The common approach to shopping today includes little concern for how our buying practices affect the world. While the manufacture of goods is still in need of significant change, it is increasingly evident that it is not only a change in industry, but also a change in consumer mindset that is necessary to combat destructive consumerist practices.

Thanks to the work of caring individuals in the last decades, many more consumer options are available now. With even large box stores offering shelf space to ethical products, consumers have more options than ever.  To help energize your own ethical practices or to help explain to a friend how to get started, here are three ways to bring about a change in mindset.

Know the cheapest price is Rarely The Fair Price

Once you begin to educate yourself on conscious consumerism, you will begin to understand how the cheapest price is rarely the fair one.

When factories moved overseas, our perception of a fair price was immediately skewed. We cannot properly judge what price is fair for an item made in another country. Still, we worship the cheap. It has become a point of pride to be a bargain shopper. Yet we do not seem to make the mental step of wondering if paying a few dollars for an item makes us a winner at the expense of someone else who was paid pennies for making this product.

It takes a great deal of willpower to fully abandon the bargain mindset. Instinctively we search for the cheapest price. Yet once you begin to educate yourself on conscious consumerism, you will begin to understand how the cheapest price is rarely the fair one.  

Leave a margin in all things

Most of us were raised to think space should be filled, money should be spent, and schedules should be booked. If you failed to do these things, somehow you were playing the game of life wrong. Even so, it is in the crowded moments that we make the worst choices. In order to rewire our minds for a different kind of consumerism, we have to give up the narrow margins with which we live our lives. In all things, we must plan for space.

Margins give you breathing room that results in better choices and better living. Leaving a margin in your finances, a healthy space between your income and your expenses, means you have more money to devote to better goods. Space in your schedule allows for calmer decision making and time to search a little harder for an ethically-made product. Margins in your physical space remind you that there is so much you can live without. Ethical choices don’t feel like such an inconvenience when you have healthy margins in your life.
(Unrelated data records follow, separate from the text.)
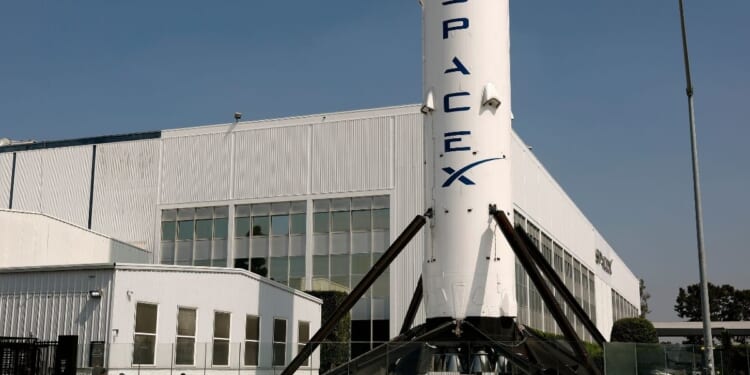 A SpaceX Falcon 9 rocket is displayed at a SpaceX facility on Aug. 4, 2026, in Hawthorne, California.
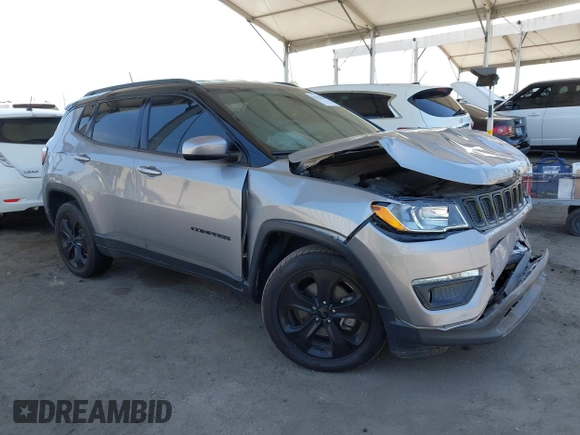 2019 Jeep Compass Latitude with VIN 3C4NJDBB4KT754484, listed as a IAAI auction lot 42324284 with 85,637 mi miles and . Bid and sale history available at DreamBid. Image 1.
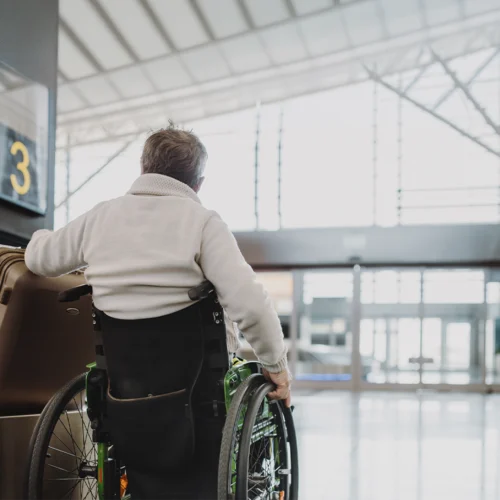 La imagen muestra a una persona usuaria de silla de ruedas desplazándose por el interior de una terminal de transporte, junto a varias maletas y próxima a una señal identificada con el número “3”. El espacio cuenta con amplias zonas de circulación, accesos adaptados y una arquitectura diseñada para facilitar la movilidad de las personas viajeras. La presencia del equipaje y de las instalaciones de transporte sitúa la escena en un contexto de desplazamiento y turismo, destacando la importancia de disponer de entornos accesibles que favorezcan la autonomía durante el viaje. En conjunto, la fotografía transmite valores de accesibilidad, inclusión e igualdad de oportunidades, promoviendo una experiencia de movilidad cómoda y sin barreras para todas las personas.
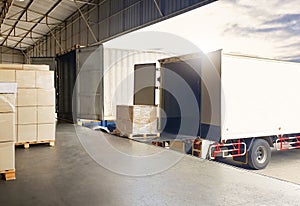 Trucks Loading Package Boxes Pallets at Dock Warehouse. Container Shipping. Freight Truck Logistics Cargo Transport.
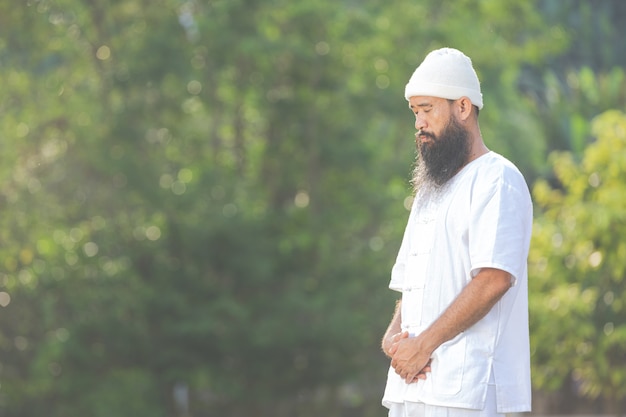 Hombre en traje blanco meditando en la naturaleza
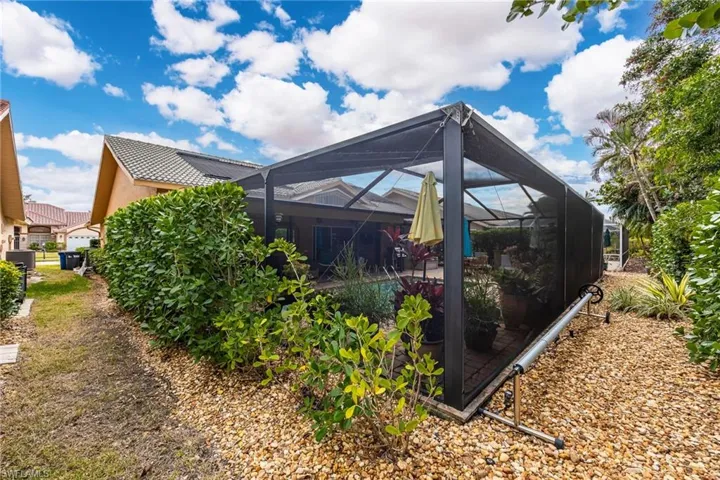 View of home's exterior with glass enclosure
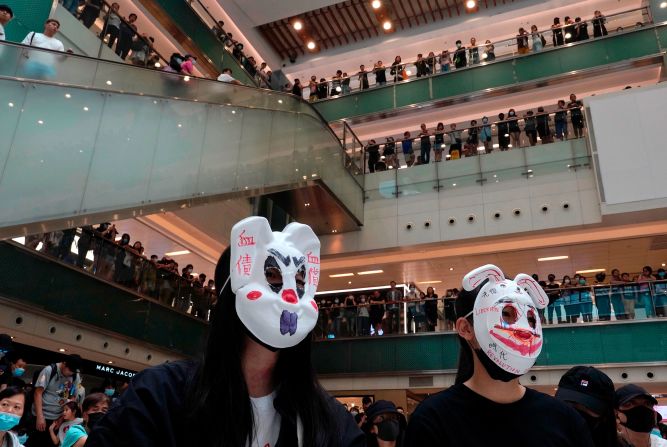 Protesters wearing masks in defiance of <a href="index.php?page=&url=https%3A%2F%2Fwww.cnn.com%2F2019%2F10%2F04%2Fasia%2Fhong-kong-face-mask-ban-meeting-intl-hnk%2Findex.html" target="_blank">a recently imposed ban</a> gather at a shopping mall on October 13.
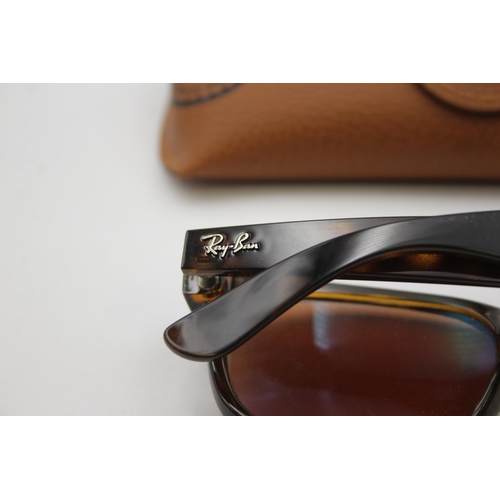 552 - A pair of Ray-Ban Wayfarer faux tortoiseshell sunglasses with original case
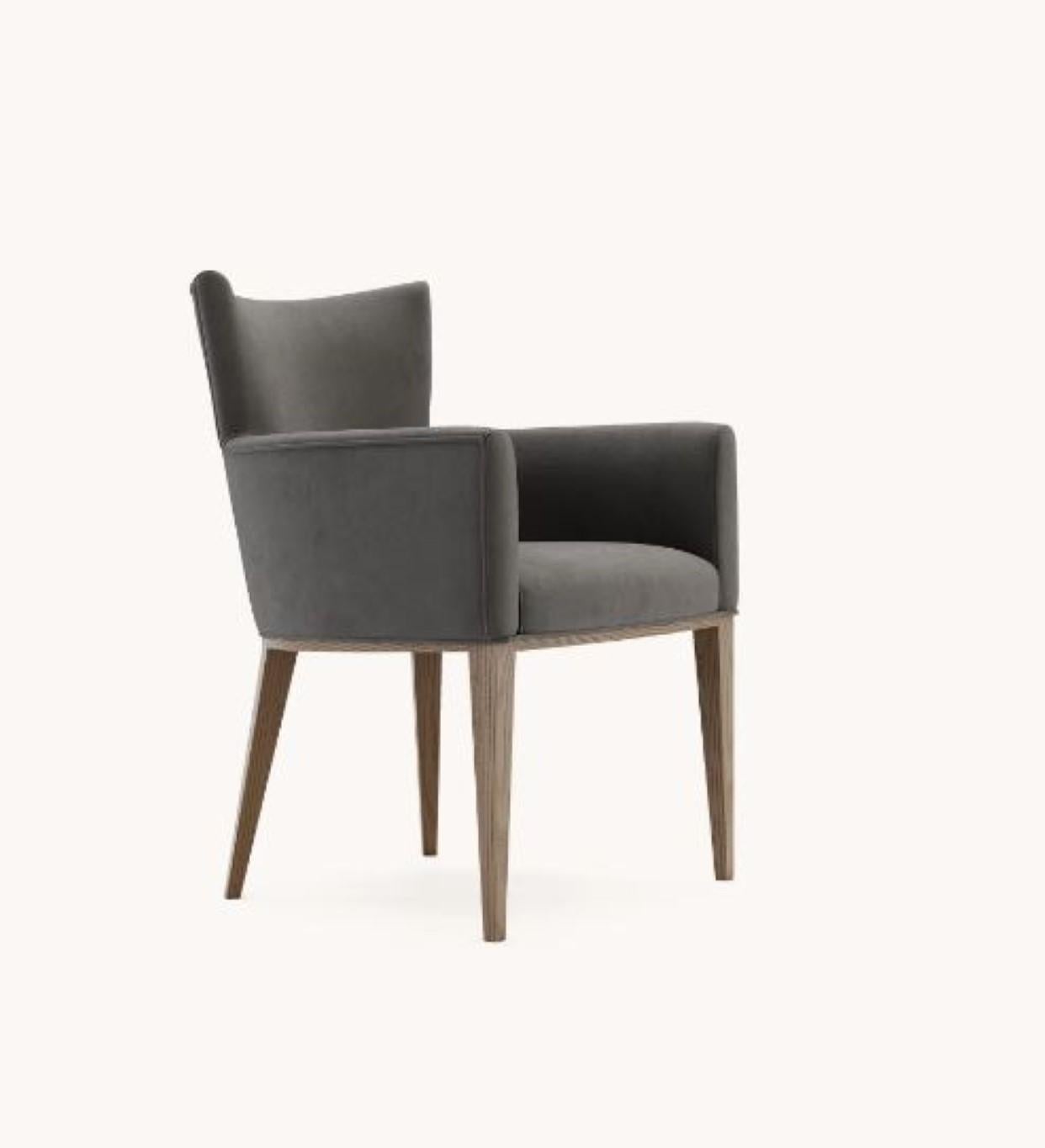 Vianna Chair by Domkapa
Materials: Walnut Stained Ash, Velvet.
Dimensions: W 62 x D 66 x H 85 cm. 
Also available in different materials. Please contact us.

The epitome of comfort, the best description of Vianna chair. Supported by four wooden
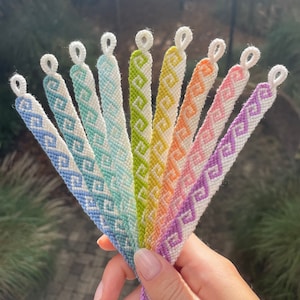 Pode incluir: Um conjunto de oito pulseiras de amizade em um padrão de cores do arco-íris. As pulseiras são feitas com fio branco e apresentam um design geométrico.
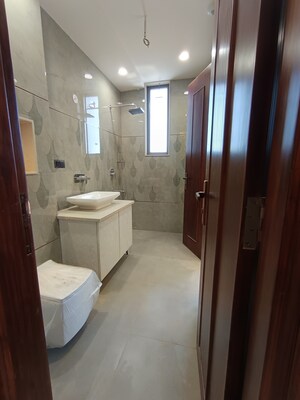 Bathroom in 4 BHK Builder Floor at Puri Aman Vilas, Sector 89 – for Sale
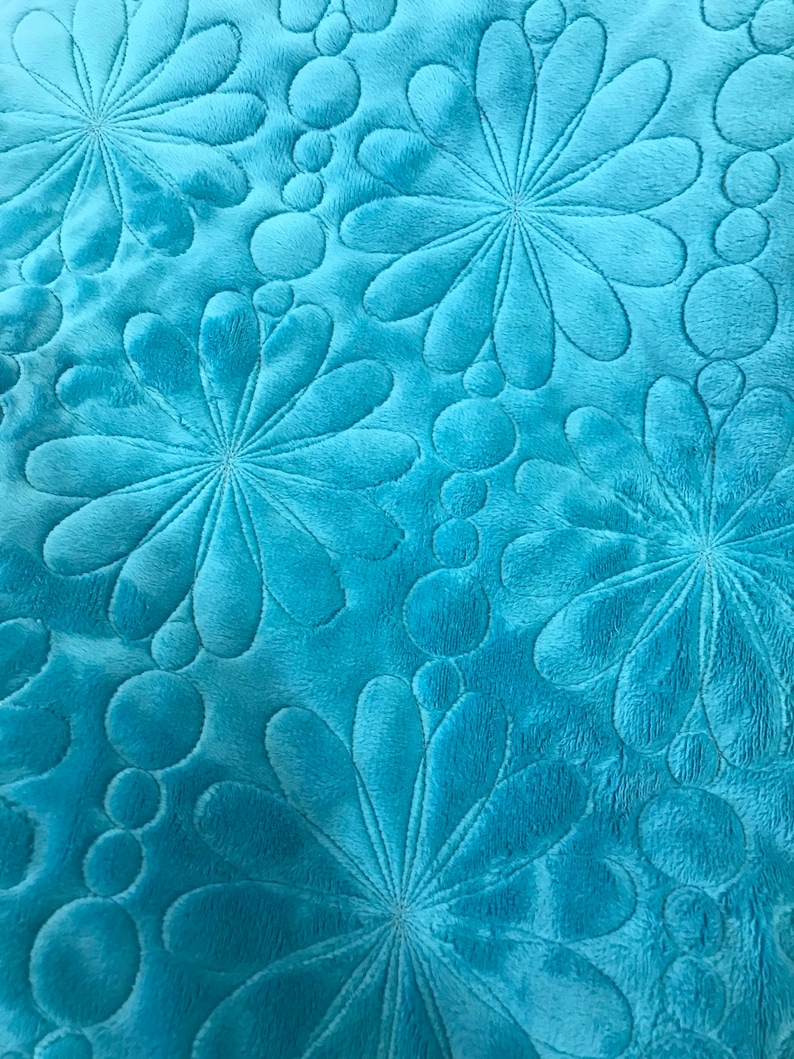 May include: Close-up of a turquoise blue fabric with a quilted pattern of stylised flowers and circles.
Margins give you breathing room that results in better choices and better living.

Applaud small changes

When you first begin to open your eyes to the changes that need to take place in your shopping choices and lifestyle, you may experience a sort of consumer paralysis. There is too much that needs doing, you’ll never be able to manage it all. That is why you must reinforce and encourage yours and others’ small changes. Smile when you see others buying local. Take pride in wearing that one new clothing item from an ethical source. Treat yourself to a latte in the travel mug you finally remember to bring with you.

You may find yourself getting discouraged by the big things. Don’t give those thoughts traction. Big or small, the changes you make do make a difference. Invest in the small and do it with gusto. Life is made up of many small decisions and only a few big ones. Don’t overburden the big when small, ethical choices can bring just as much gratification.

Big or small, the changes you make do make a difference. Invest in the small and do it with gusto.